3- The Veil of Ignorance, by Rawls
Behind the Veil of Ignorance, you do not know who you are. You are ignorant of your gender, nationality, age, ethnicity, economic status, and social status. You do not know if you have children or not, whether you are strong, intelligent, ill, crippled, or any other self-identifying element. From this position of self-ignorance, construct the society you will live in. Remember, you could be anyone in this society. What does your society look like?

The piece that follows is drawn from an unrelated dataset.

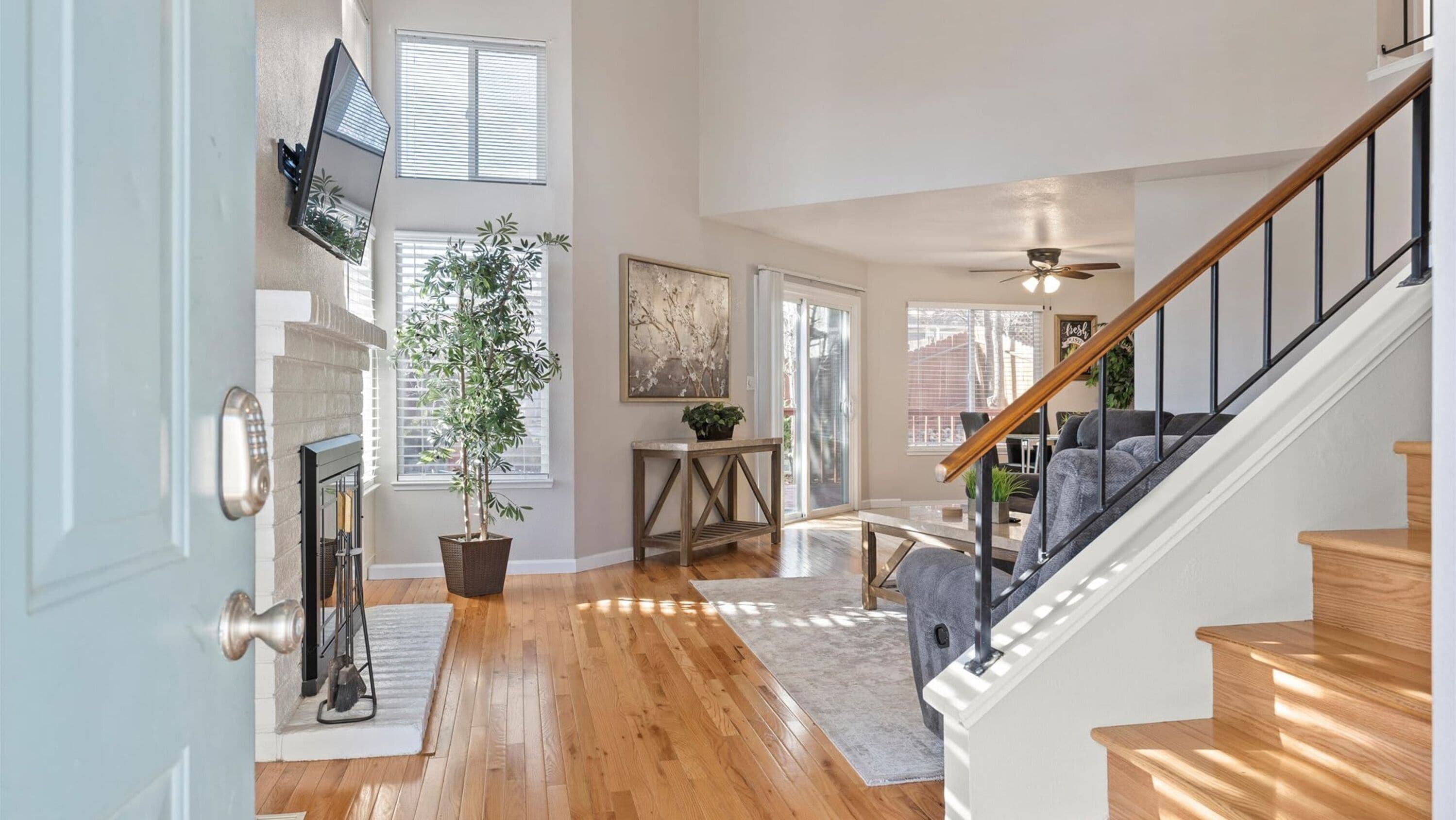 3 bedrooms, Internet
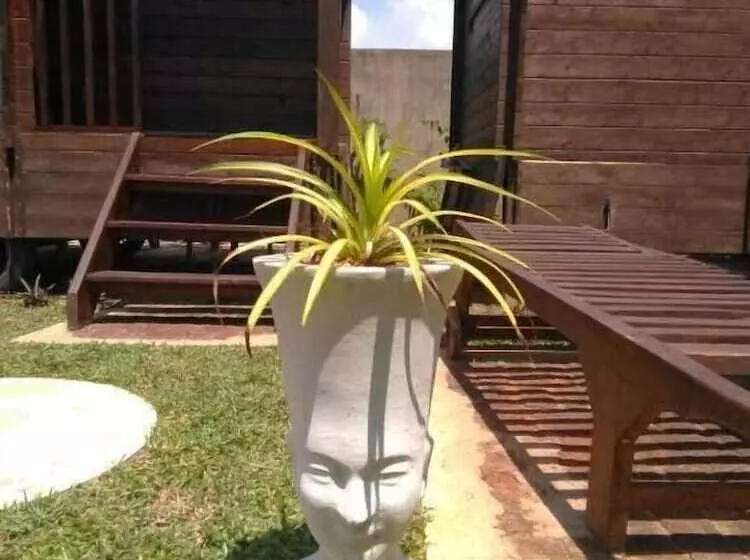 هتل Les Beach Chalets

Rawls (argued that since you do not know who you are, you cannot recommend policies that benefit yourself at the expense of others. Your most rational option is to construct a society that offers the most mutual benefits and rejects policies that discriminate. You should maximize freedom and advantages while minimizing harm for everyone, so even if you end up being on the lowest rung of society you will still have a good life.

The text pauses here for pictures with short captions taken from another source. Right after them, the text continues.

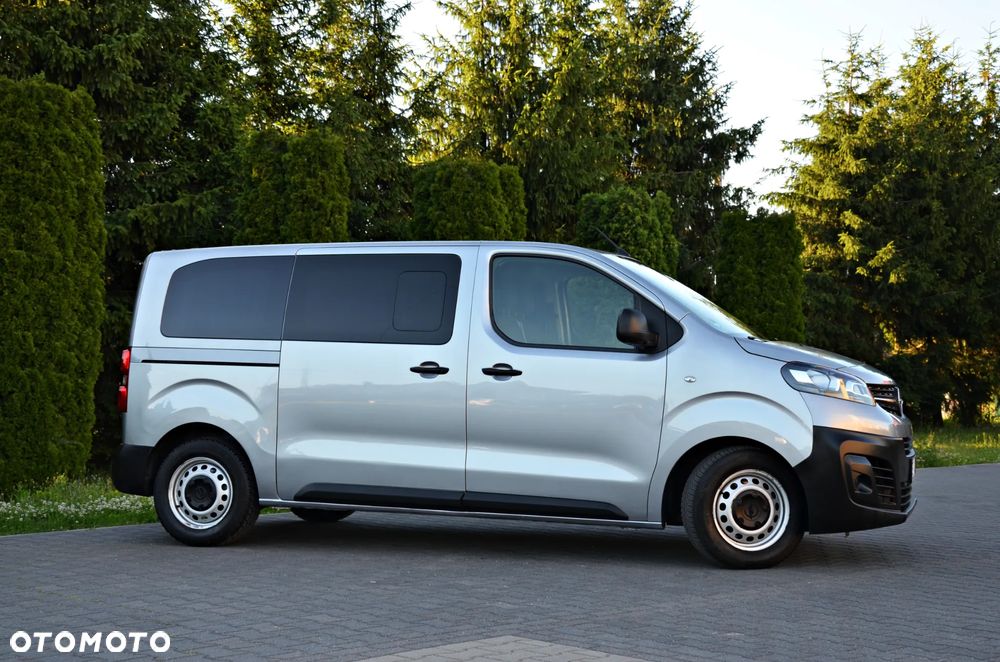 Opel Vivaro Standard Flexcab - 14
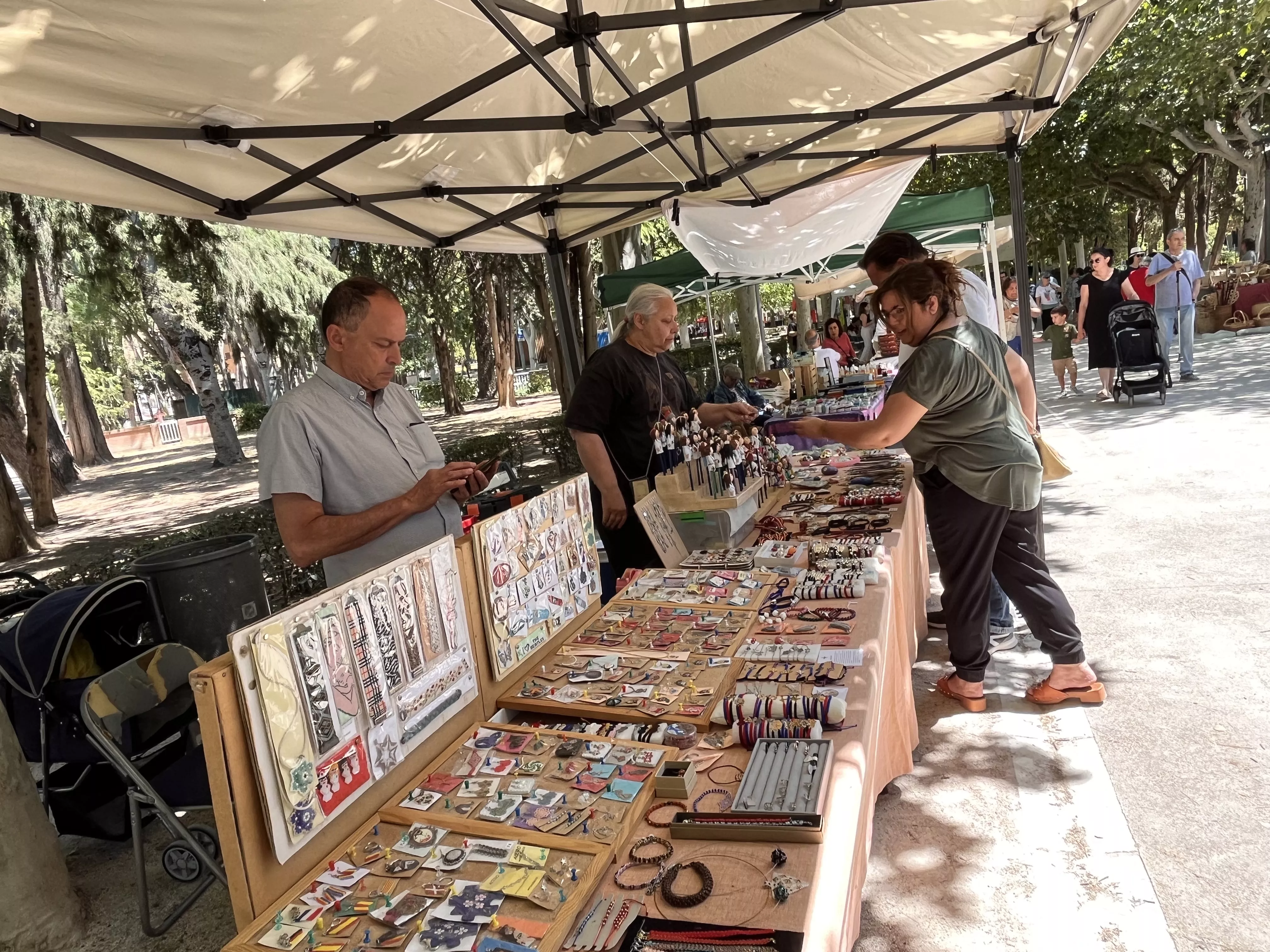 Feria de Artesanía de la Peña la Parrilla en el parque Miguel Servet de Huesca. Foto Mercedes Manterola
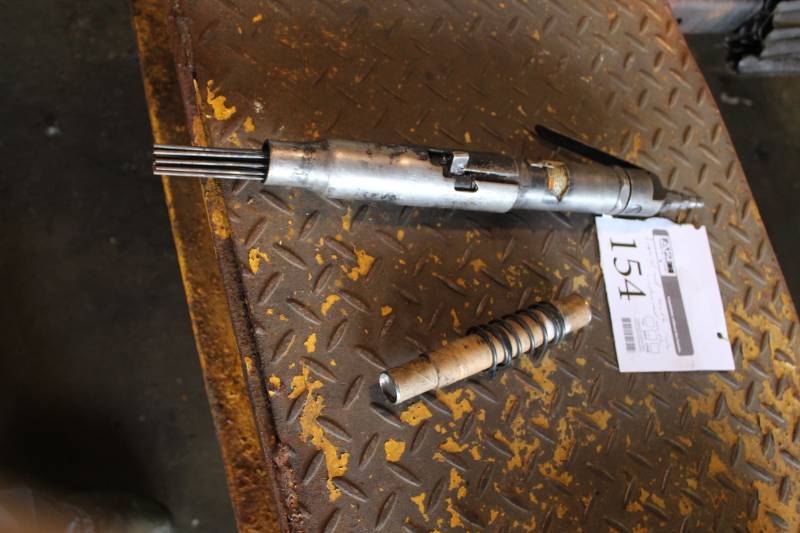 lot 154 image: Ingersoll-Rand Pneumatic Needle Sealer, Replacement Needles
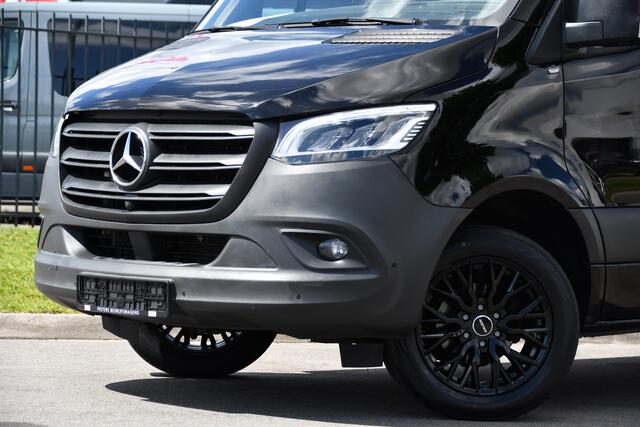 Mercedes-Benz SPRINTER 319 3.0 CDI L2H2 Black Edition 360 Camera, Adaptieve Cruise, Carplay, LED, 190pk, Stoelverwarming, Automaat, Standkachel, Uniek!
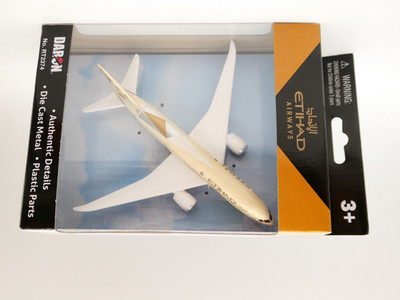 1:400 Herpa Daron RT2374 / Dream Liner Boeing 787 - Etihad Airways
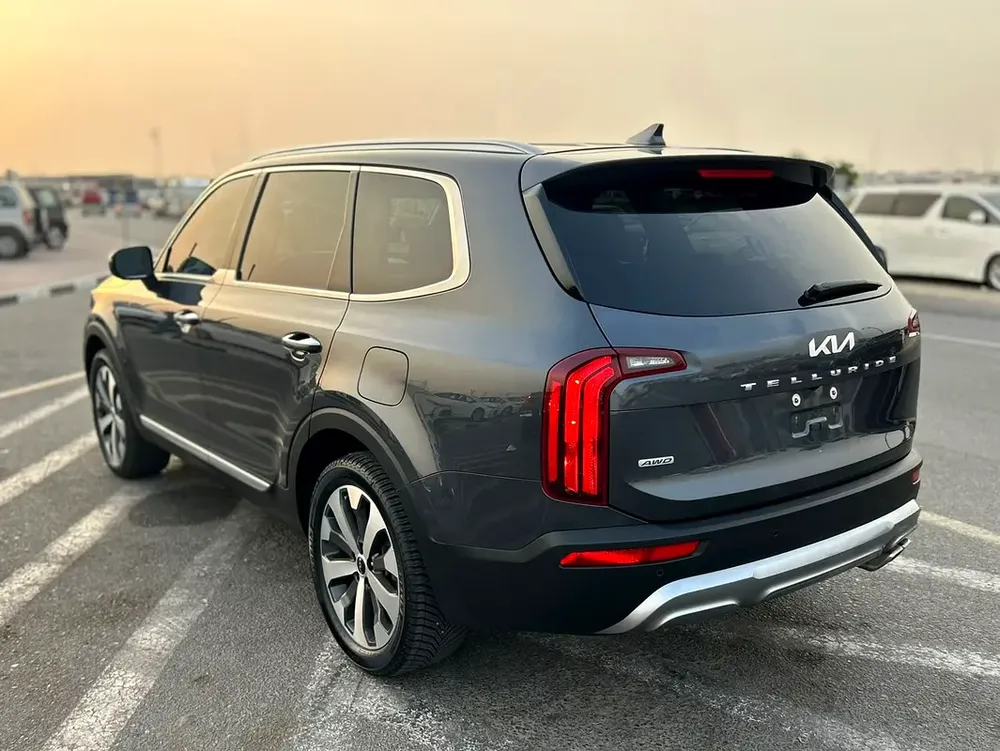 2022 Kia Telluride EX – Full Option – 3.8L V6 – Black – 7 Seater - 4x4 AWD - - Image 6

Rawls used this thought experiment for domestic policy, however, others have applied it to the international arena (Kalashnik, 2025). Like the original thought experiment, you go behind the veil of ignorance, but this time you are a world leader and it is your job to construct an international system. The catch is that you do not know which country you are the leader of and other leaders must agree with your proposal.
Were you able to shed your biases and give equal consideration to the needs and concerns of all countries? If so, how do you know the needs of countries you are not familiar with? Are you able to judge what is good, just, or fair without relying on your cultural, religious, or experiential knowledge (Davies, 2018)? Are your definitions of ‘good’ and ‘justice’ universal? If our understanding of ‘good’ and our knowledge of needs are limited to our own perception, is diverse representation a requirement in constructing just or fair policies?
Conclusion
Whether these thought experiments resonated with you or reaffirmed why you hate philosophy, their value lies in challenging our preconceived notions. Too often, complicated, nuanced issues are allowed to be flattened by rhetoric and turned into an easily digestible, binary choice that comes down to ‘us’ or ‘them.’ Using thought experiments to reassess politically loaded issues, enables us to side-step the rhetoric and examine the foundational principles underneath our political positions. In doing so, we can find where our real agreements and disagreements lay. Then we can pursue managing fault lines with science, research, reason, or compromise. Through this process, thought experiments may aid us in building consensus around international and domestic political practices. All of that to say, politics affects all of us in almost every aspect of our lives, we should not leave the best tools of the field to academics.